(PROVIDED ENTRIES begins)
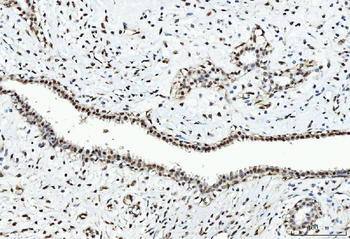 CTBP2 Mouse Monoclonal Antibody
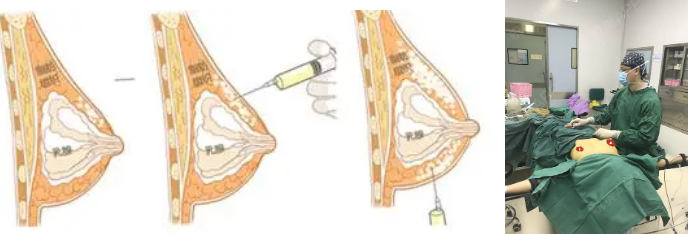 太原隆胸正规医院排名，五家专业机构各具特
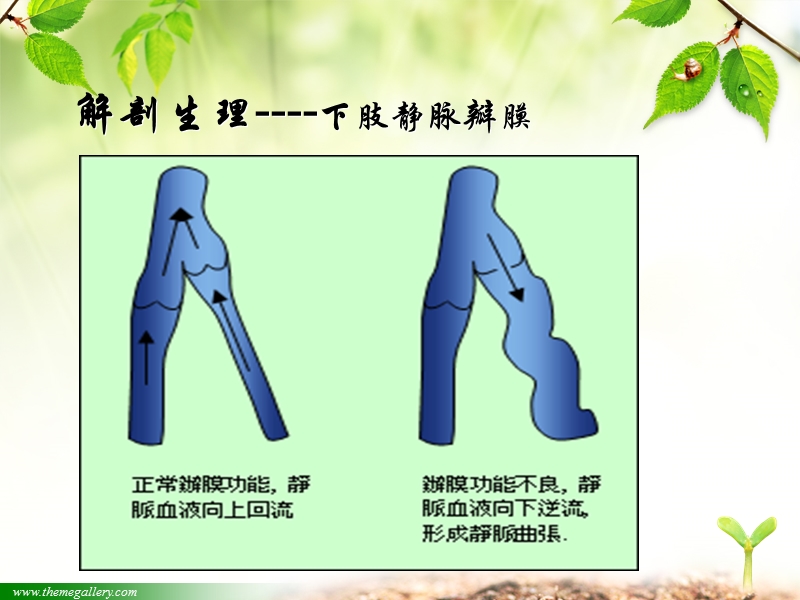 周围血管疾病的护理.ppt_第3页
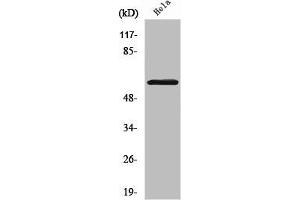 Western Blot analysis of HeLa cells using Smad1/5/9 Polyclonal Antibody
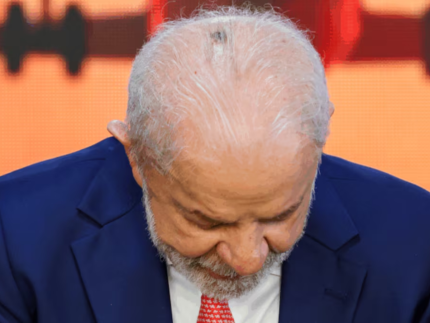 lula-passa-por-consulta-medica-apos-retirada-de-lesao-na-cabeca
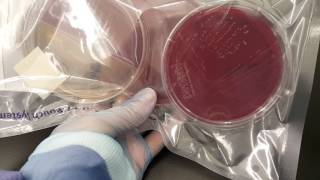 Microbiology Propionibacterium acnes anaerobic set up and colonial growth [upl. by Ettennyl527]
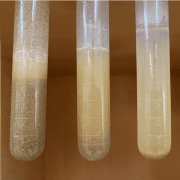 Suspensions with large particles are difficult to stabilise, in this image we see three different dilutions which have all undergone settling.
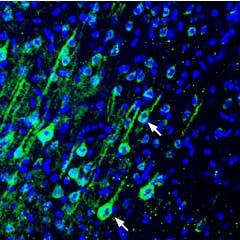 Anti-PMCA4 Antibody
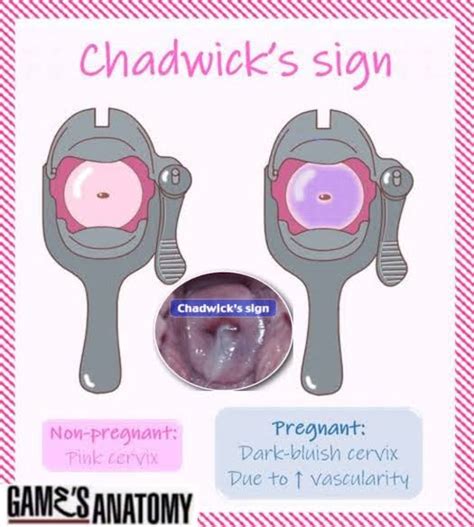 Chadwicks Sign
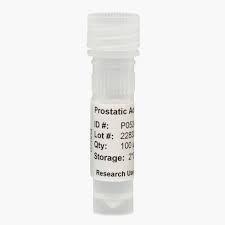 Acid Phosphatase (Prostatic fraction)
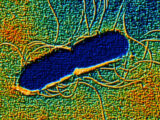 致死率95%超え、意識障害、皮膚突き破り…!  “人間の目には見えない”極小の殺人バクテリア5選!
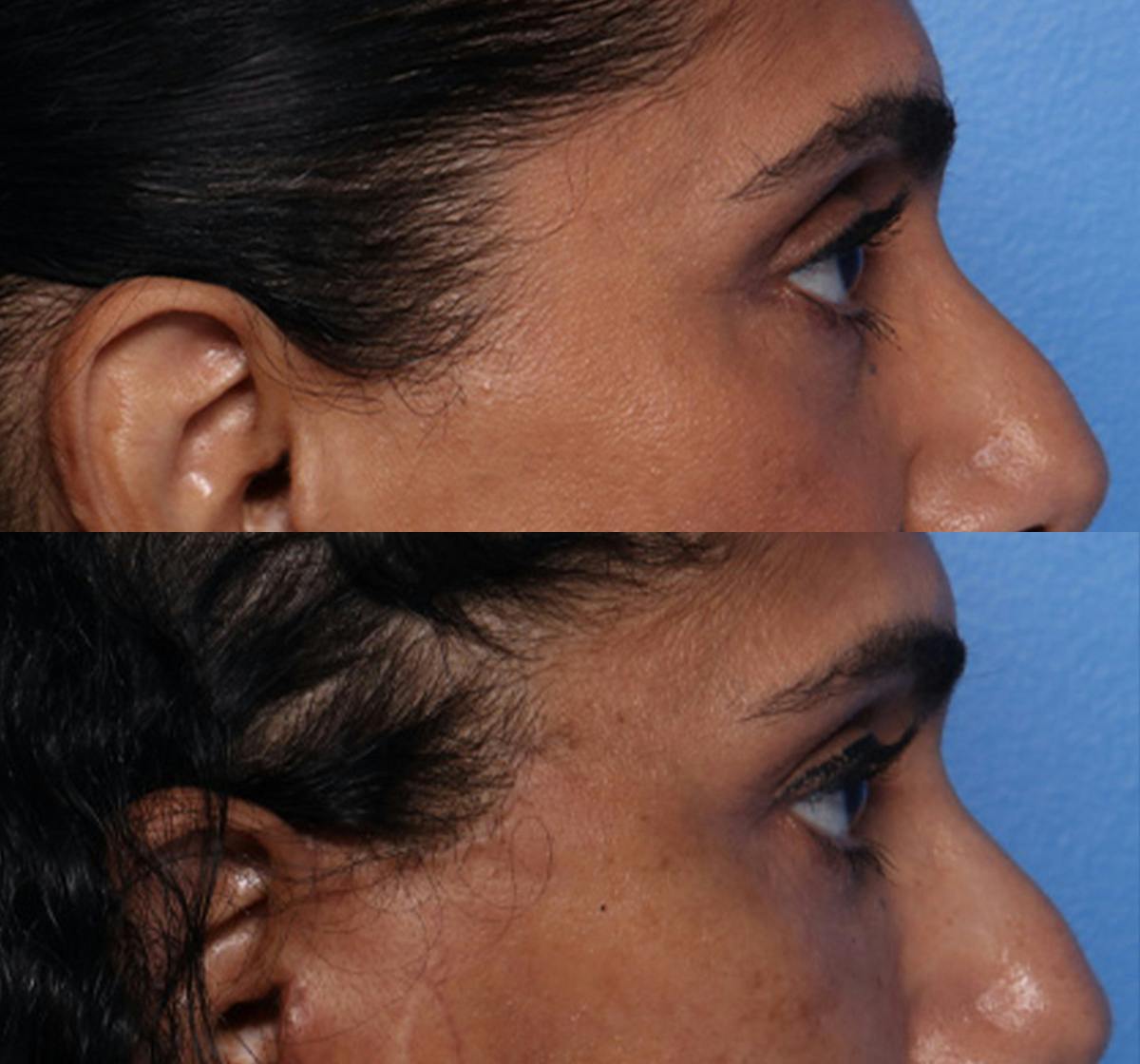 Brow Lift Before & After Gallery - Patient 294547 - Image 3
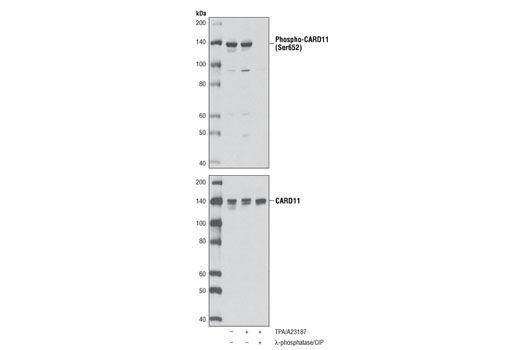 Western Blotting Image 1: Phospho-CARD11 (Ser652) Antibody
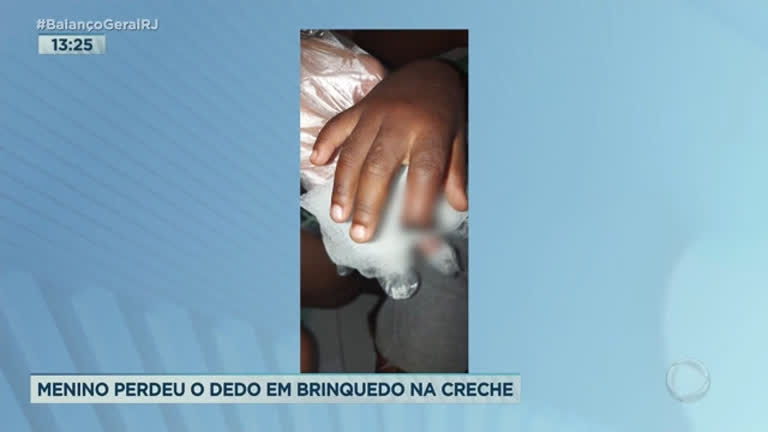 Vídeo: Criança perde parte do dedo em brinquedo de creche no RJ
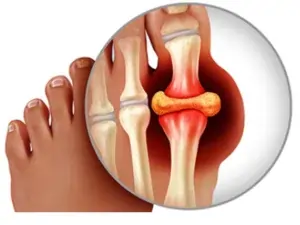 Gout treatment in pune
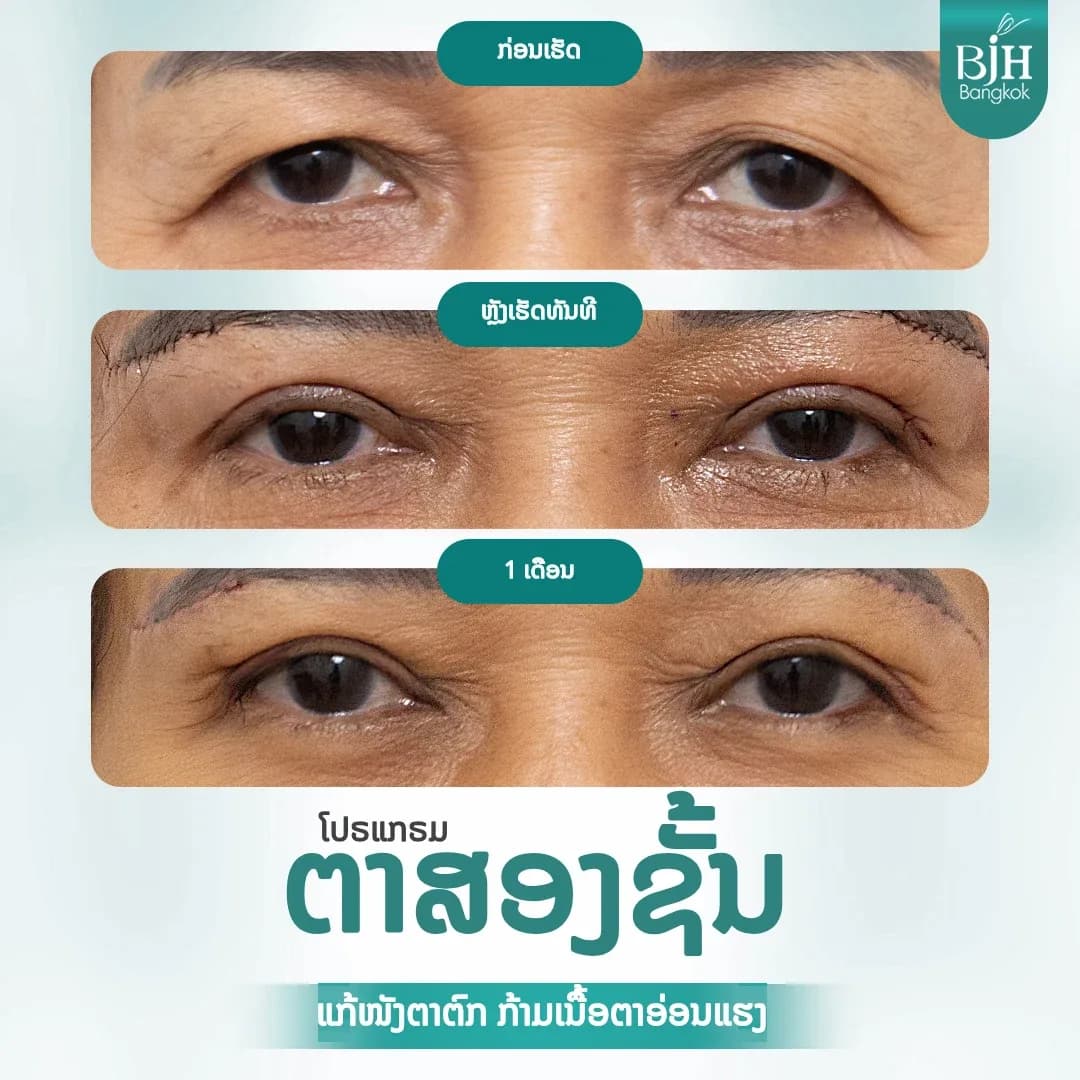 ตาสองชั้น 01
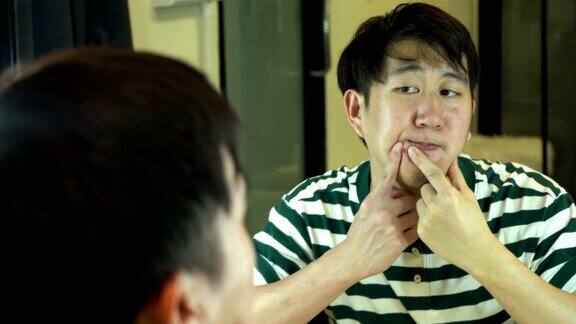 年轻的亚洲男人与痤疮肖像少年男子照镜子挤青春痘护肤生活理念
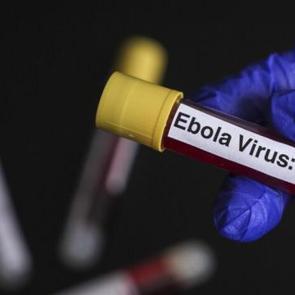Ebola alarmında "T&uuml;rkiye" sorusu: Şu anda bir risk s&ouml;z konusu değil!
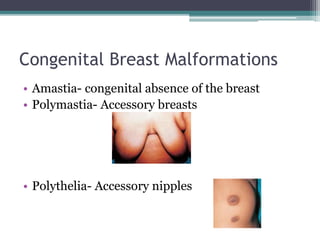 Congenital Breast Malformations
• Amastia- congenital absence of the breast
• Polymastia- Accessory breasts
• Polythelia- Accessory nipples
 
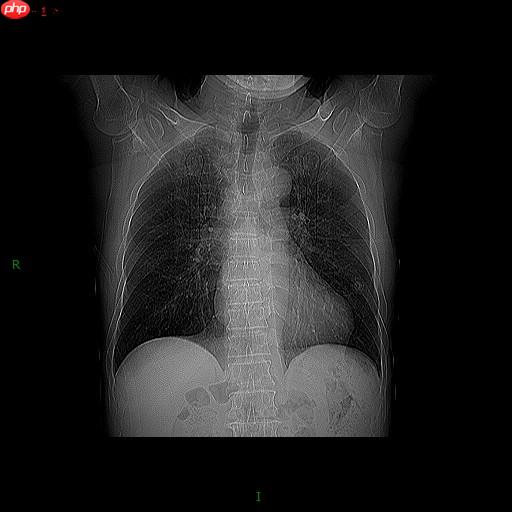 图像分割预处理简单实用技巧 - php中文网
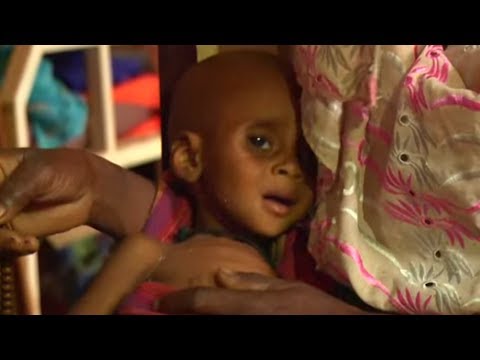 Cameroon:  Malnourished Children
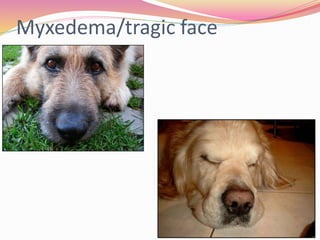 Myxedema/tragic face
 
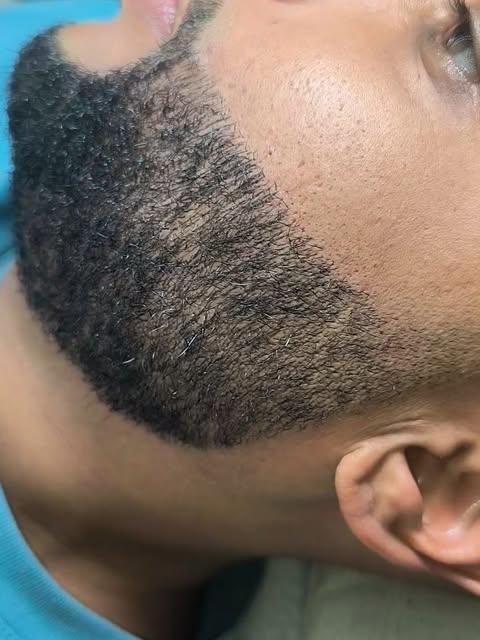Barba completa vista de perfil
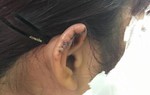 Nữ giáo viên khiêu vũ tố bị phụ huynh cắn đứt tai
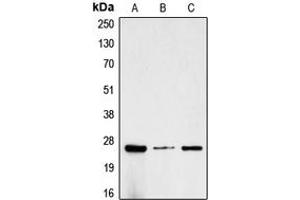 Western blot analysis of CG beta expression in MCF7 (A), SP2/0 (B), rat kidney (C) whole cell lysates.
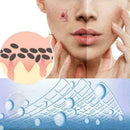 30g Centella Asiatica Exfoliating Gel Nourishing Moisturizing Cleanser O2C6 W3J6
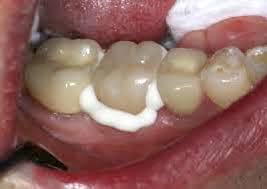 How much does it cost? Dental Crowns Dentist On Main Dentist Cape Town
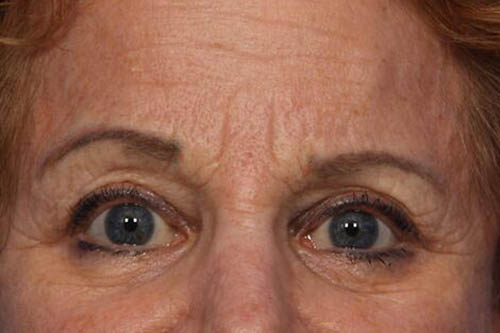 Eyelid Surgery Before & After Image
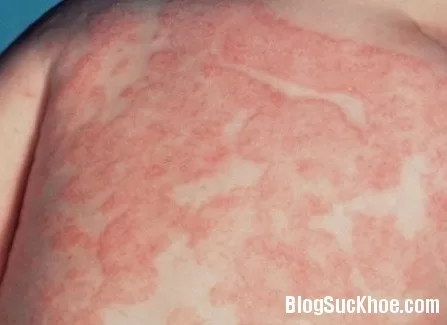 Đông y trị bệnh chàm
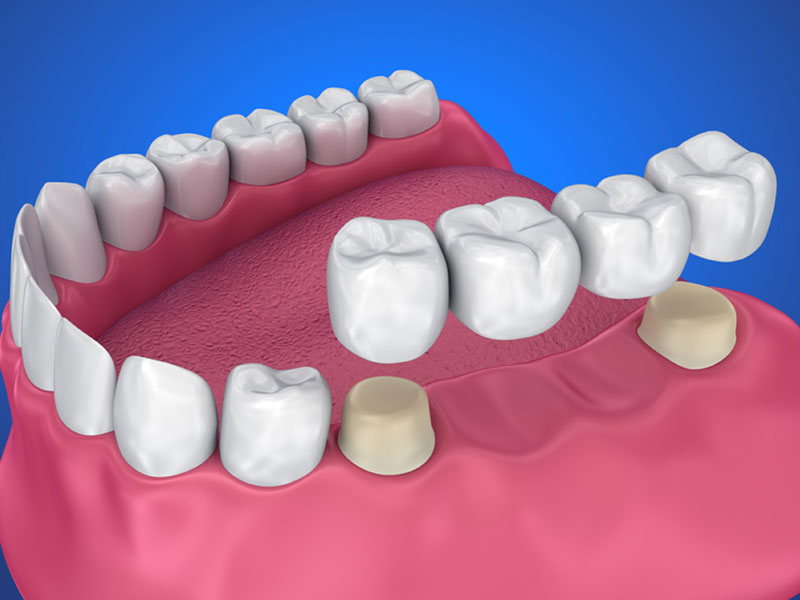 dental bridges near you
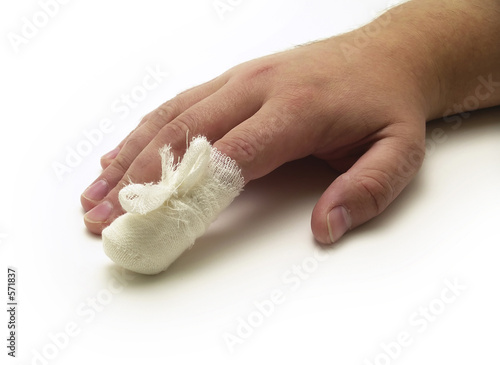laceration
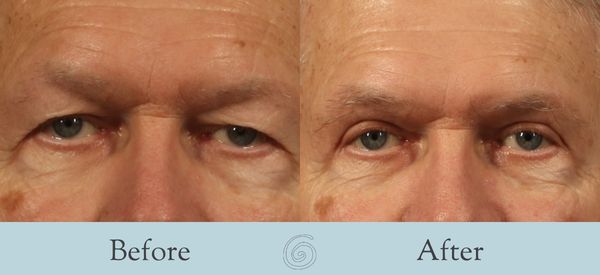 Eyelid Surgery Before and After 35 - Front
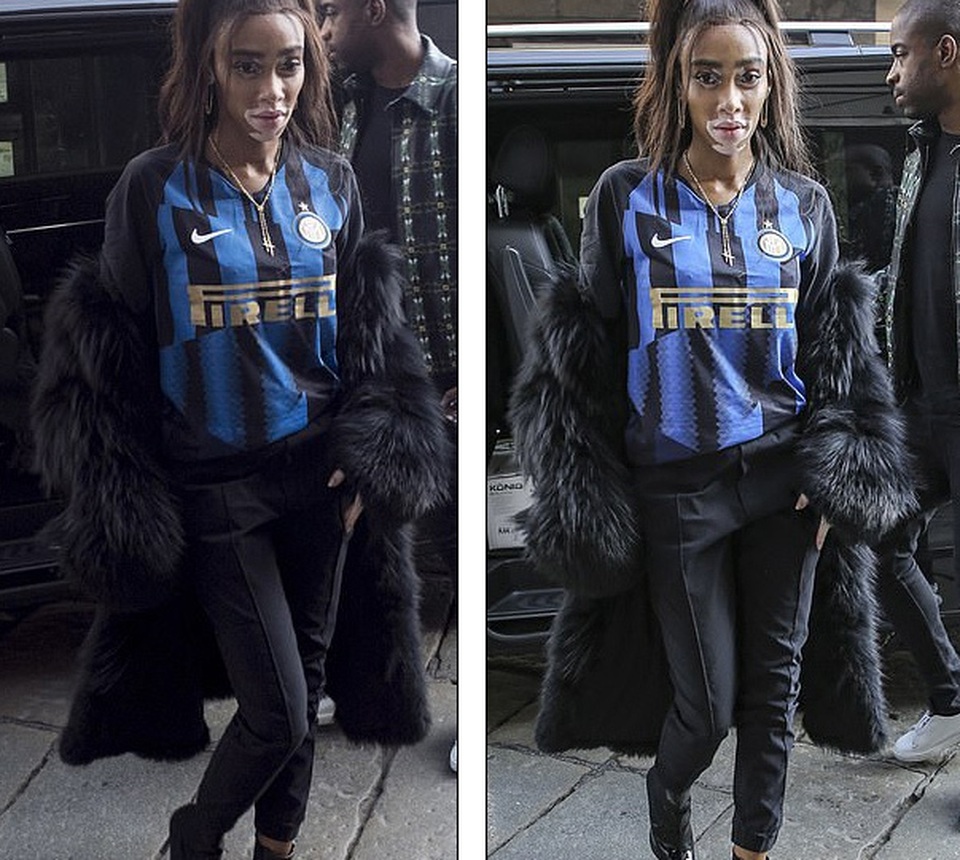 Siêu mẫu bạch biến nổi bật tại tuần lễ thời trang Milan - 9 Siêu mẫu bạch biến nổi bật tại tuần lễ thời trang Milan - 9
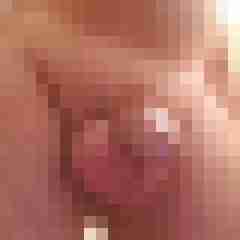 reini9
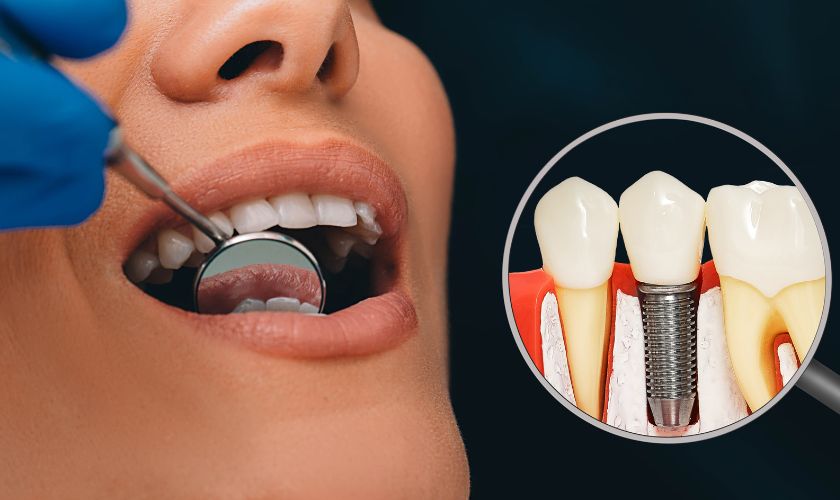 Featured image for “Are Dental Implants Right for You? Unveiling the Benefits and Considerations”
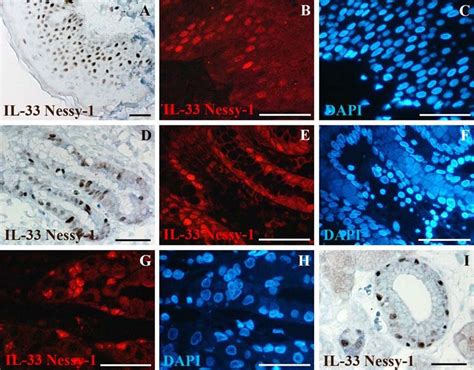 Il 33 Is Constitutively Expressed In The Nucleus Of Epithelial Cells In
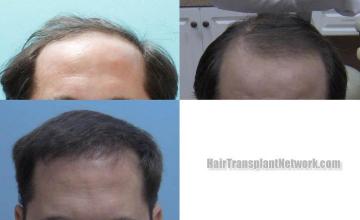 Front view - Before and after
(PROVIDED ENTRIES ends)
Search the material above for the word "Accessory", then copy out each line that has it.

• Polymastia- Accessory breasts
• Polythelia- Accessory nipples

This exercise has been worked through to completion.